А масштаб производств был громаден — в одной Соли Камской работало одновременно 200 соляных варниц, добывавших до 7 миллионов пудов (более 110 тысяч тонн) соли в год. Из Астрахани каждый год вывозились до 300 тысяч пудов (4800 тонн) соленой рыбы и красной и черной икры.
Канатные дворы в Вологде и в Холмогорах возникли еще в XVI веке, и они быстро восстановились после разорения Смутного времени. Тогда же в Архангельске возник совершенно новый Канатный двор, которого там раньше не было. О масштабе этих предприятий говорит хотя бы число работающих на Вологодском канатном дворе — более 400 человек. А Холмогорский двор давал канаты для оснастки четвертой части кораблей английского флота — второго по размерам в мире (после голландского).

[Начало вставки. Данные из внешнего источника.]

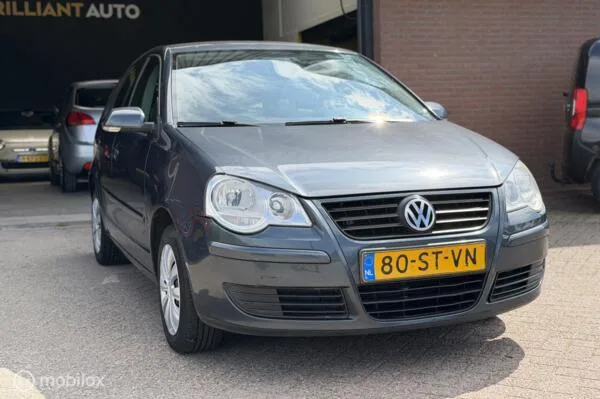 Volkswagen Polo (2006) — foto 1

Это все — примеры производств, организованных совершенно по-«буржуазному».
Историки дружно отмечают для всего XVII века возрастание роли вольнонаемного труда на купеческих мануфактурах и на транспорте — на Волжском, Сухоно-Двинском водных путях. То есть отрыв производств от крестьянского отходничества, от мелкой крестьянской промышленности — то есть от положения чего-то второстепенного по сравнению с основным — земледелием. В XVII столетии вырастает класс людей, все слабее связанных с аграрным хозяйством, а следовательно — и с аграрным обществом, и с теми формами общественного сознания, которые порождены аграрным обществом.
Как оценить все эти явления? А очень просто: как развитие русского капитализма. Как развитие капитализма, протекающее совершенно автономно от европейского, и пока что не испытывающего даже отдаленного воздействия своего европейского собрата.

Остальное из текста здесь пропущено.